William S. Phillips
“Aviation was my first artistic love,” says William S. Phillips,
“but my true, enduring love remains my Christian faith, home and family.
So it is my pleasure to combine all of it in my work. The historical aviation
subjects, I research; the contemporary and nostalgic subjects, I live.”
Phillips grew up loving art but never thought he could make it his livelihood.
At college he majored in criminology, and he had been accepted into law school
when four of his paintings were sold at an airport restaurant. That was all
the incentive he needed to begin his work as a fine art painter.
Bill Phillips is now the aviation artist of choice for many American heroes
and the nostalgic landscape artist of choice for many collectors. Bill’s
strengths as a landscape painter are what gave him an edge in the aviation
field: respect and reverence for a time and place. When one sees his aviation
pieces, thoughts are about the courageous individuals who risked their lives
for our freedom. In Bill’s nostalgic works, the viewer understands fully
what that freedom is... the precious values that make life worth living.
After one of his paintings was presented to King Hussein of Jordan, Phillips
was commissioned by the Royal Jordanian Air Force. He developed sixteen major
paintings, many of which now hang in the Royal Jordanian Air Force Museum
in Amman. The Smithsonian Institution’s National Air and Space Museum
presented a one-man show of Phillips’ work in 1986; he is one of only
a few artists to have been so honored.
In 1988, Phillips was chosen to be a U.S. Navy combat artist. For his outstanding
work, the artist was awarded the Navy’s Meritorious Public Service Award
and the Air Force Sergeants Association’s Americanism Medal. In 1991,
three of Phillips’ works were chosen as part of the top 100 in “Art
for the Parks,” the prestigious annual fund-raiser for the National
Park Service, and one painting received the “Art History Award”

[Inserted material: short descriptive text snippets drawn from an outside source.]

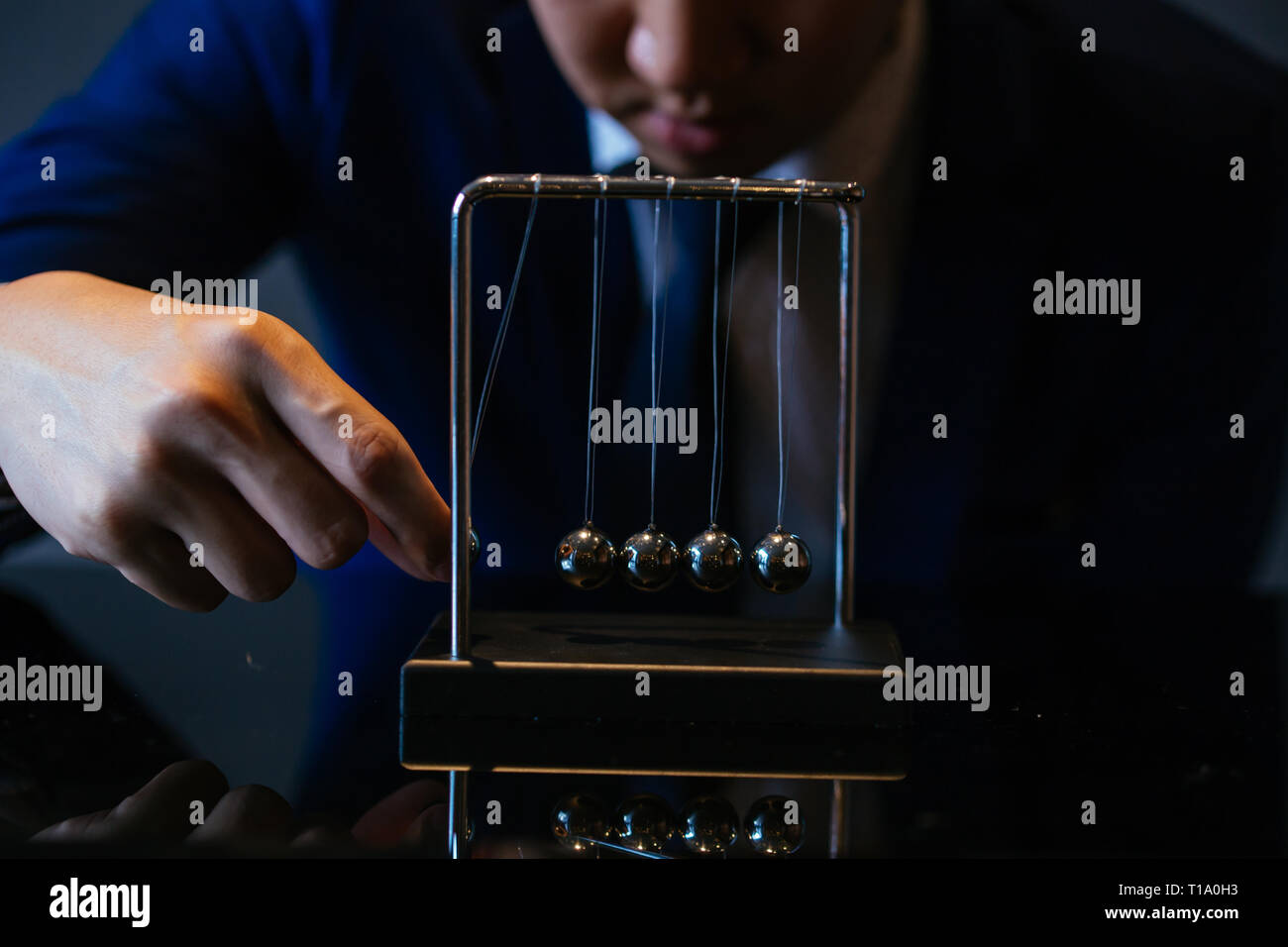 Méconnaissable businessman pulling petite bille de métal de Newton cradle et en observant l'élan au cours de table en verre Banque D'Images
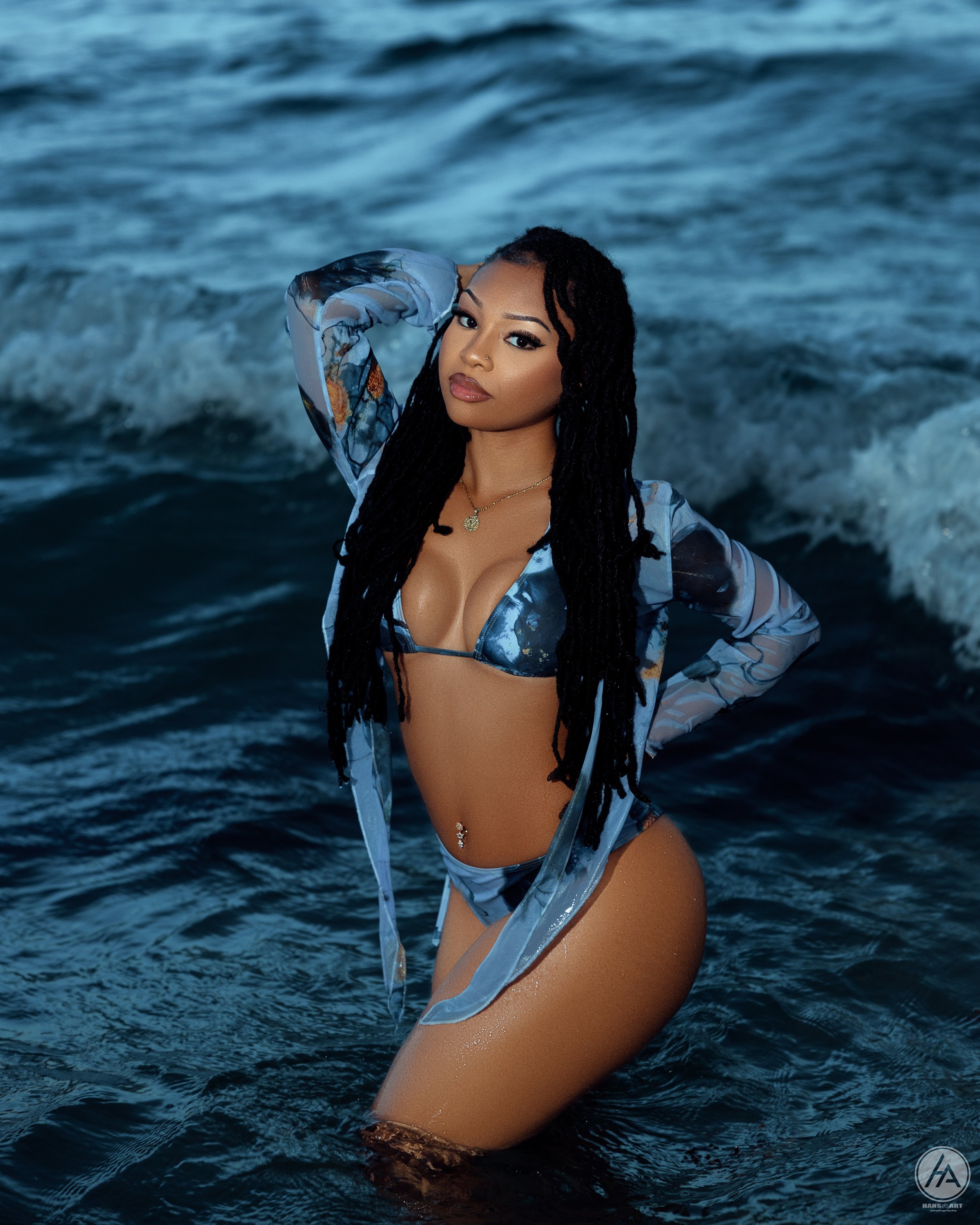 A woman with long black dreadlocks in a blue swimsuit and sheer cover-up kneeling in the ocean at dusk or night, with waves in the background.
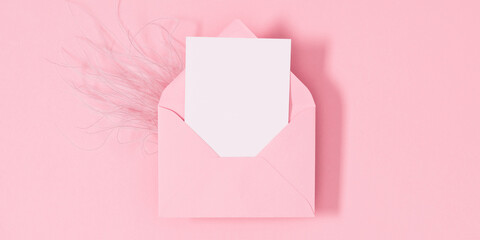 Open pink envelope with paper card on isolated pastel pink table background. Birthday, Wedding, Mother's Day, Valentine's day, Women's Day. Flat lay, top view, copy space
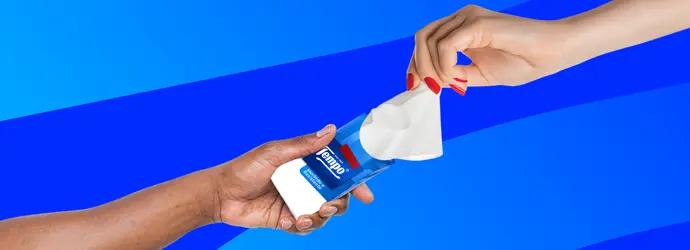 Due mani che si scambiano un pacchetto di fazzoletti Tempo su uno sfondo blu con motivo Tempo T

from the National Park Foundation.
William S. Phillips S/N Limited Edition
Print "First Boots on the Ground"
November 14, 1965, the Central Highlands
of South Vietnam, 10:48 am…As the dry season’s dust waifs skyward,
the soldiers of the 7th Cavalry, 1st Battalion, 1st Cavalry Division (Airmobile),
deploy from UH-1 Hueys of the 229th Assault Helicopter Battalion onto Landing
Zone X-Ray in the Ia Drang Valley. Lt. Col. Hal Moore leads his men as they
secure the area and prepare for the arrival of his main force, 450 soldiers
strong. Before the day’s end, the men of the 7th Cavalry would engage
over 2,000 North Vietnamese Army Regulars in the battle that would epitomize
the savagery of the Vietnam War and the bravery of the men who fought it.